See Critic’s Choice. (4:00)

The Little Girl Who Sold the Sun and Le franc

See listing under Friday, August 11. (6:00)

Three shorts

A “mockumentary” by Mad Matthewz, Groupie (1999, 22 min.) profiles a pouty, brazen young woman (played by Tiffany Adams) who tells the interviewer that she’s serviced “34 celebrities, mostly rappers and singers, plus a few football and basketball players.” The story is too short and disjointed to properly examine the dangerous allure of fame and nightlife, but the teenager’s defiant independence and blithe lack of self-awareness provide some real bite, as does Cliff Charles’s gritty cinematography. In The Lush Life (1999, 27 min.), by the same creative team, an alcoholic young novelist (Michael D. Brown in a sincere, angst-ridden performance) struggles to finish his second book, clutching the bottle like a security blanket, to the disgust of his wife and agent. It’s a familiar premise, and Matthewz milks it for pathos. Sidra Smith’s A Luv Tale (1999, 45 min.), a languid and surprisingly tender story of lesbian love between a magazine editor and a freelance photographer, benefits from the sad-faced Michele Lamar-Richards (The Bodyguard), who plays the ambivalent, middle-aged editor as if she were the most vulnerable creature on earth. With Gina Ravera (Soul Food). (TS) Matthewz and Smith will attend the screening. (8:00)


The Little Girl Who Sold the Sun and Le franc

See listing under Friday, August 11. (3:00)

Chief! and Seeing Haiti Through “Lafanmi Selavi”

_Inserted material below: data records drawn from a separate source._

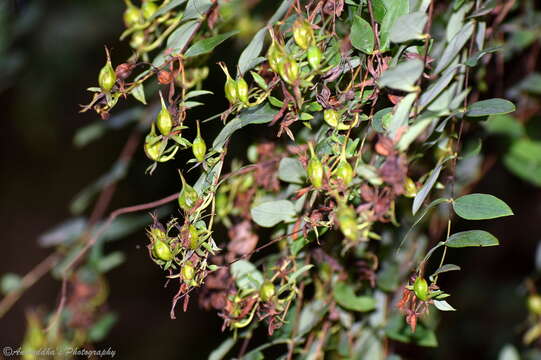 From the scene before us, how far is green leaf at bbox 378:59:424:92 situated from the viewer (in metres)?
0.48

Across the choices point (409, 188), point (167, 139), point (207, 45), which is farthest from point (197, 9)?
point (409, 188)

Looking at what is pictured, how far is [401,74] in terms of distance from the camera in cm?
48

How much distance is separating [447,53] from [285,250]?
27 centimetres

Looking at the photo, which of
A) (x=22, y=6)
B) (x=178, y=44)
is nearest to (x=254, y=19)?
(x=22, y=6)

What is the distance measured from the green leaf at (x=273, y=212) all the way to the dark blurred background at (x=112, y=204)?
12 cm

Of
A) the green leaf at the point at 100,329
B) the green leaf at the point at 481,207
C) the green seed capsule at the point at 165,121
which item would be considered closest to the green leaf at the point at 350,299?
the green leaf at the point at 481,207

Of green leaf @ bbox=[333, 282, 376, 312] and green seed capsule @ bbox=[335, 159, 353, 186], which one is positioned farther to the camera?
green leaf @ bbox=[333, 282, 376, 312]

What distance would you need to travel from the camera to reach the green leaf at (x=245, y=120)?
557mm

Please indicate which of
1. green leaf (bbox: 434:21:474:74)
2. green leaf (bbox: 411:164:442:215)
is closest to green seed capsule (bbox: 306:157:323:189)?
green leaf (bbox: 411:164:442:215)

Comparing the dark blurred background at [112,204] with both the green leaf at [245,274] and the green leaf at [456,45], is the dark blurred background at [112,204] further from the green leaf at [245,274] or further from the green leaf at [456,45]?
the green leaf at [456,45]

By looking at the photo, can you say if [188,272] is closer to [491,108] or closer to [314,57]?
[314,57]

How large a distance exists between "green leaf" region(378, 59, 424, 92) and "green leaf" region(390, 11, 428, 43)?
0.03 m

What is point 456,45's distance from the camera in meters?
0.61

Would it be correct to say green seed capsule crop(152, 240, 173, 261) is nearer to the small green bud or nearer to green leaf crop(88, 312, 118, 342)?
the small green bud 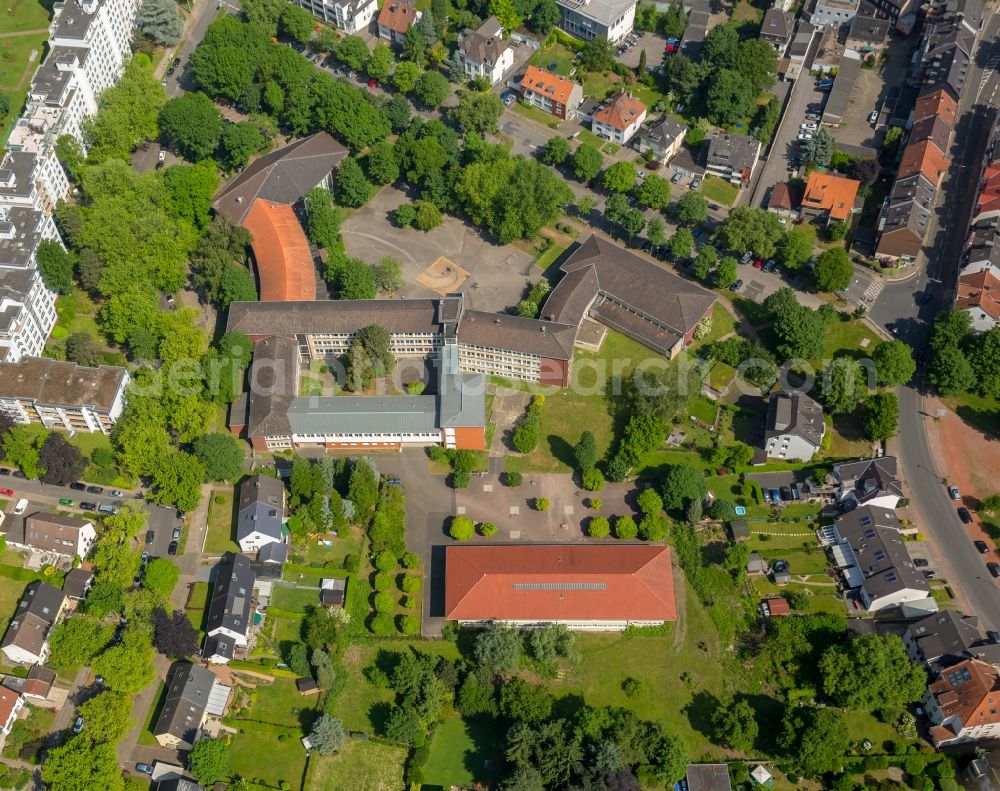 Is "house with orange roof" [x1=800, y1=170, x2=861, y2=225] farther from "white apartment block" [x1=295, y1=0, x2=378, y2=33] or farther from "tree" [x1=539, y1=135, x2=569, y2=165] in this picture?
"white apartment block" [x1=295, y1=0, x2=378, y2=33]

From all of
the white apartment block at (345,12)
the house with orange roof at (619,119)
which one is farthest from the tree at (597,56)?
the white apartment block at (345,12)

Lafanmi Selavi (“the family is life”) is the name of a center for street kids in Haiti founded in 1986 by Jean-Bertrand Aristide. The children in Lee Flynn and Caitlin Manning’s 56-minute video documentary are inspiring in their sincerity as they tell of their terrible pasts (one lost her family to a shipwreck and was homeless for weeks) and hopes for the future (“I believe evil will end”). The imagery is a bit slick, with arty superimpositions and sections edited to music; the filmmakers focus on the positive, interviewing Aristide and reporting what the kids are doing today, but also detail the many attacks on the center by Aristide’s political opponents, including a deadly arson. Jean-Marie Teno’s Chief! (1999), a 61-minute video transferred to 16-millimeter film, originated when Teno discovered and taped a crowd in Cameroon that was viciously beating a 16-year-old thief. What follows is a first-person inquiry into the state of affairs in the African republic, where justice is for sale, a newspaper editor is wrongly jailed, and the prison conditions are horrendous. (FC) Flynn will attend the screening. (5:00)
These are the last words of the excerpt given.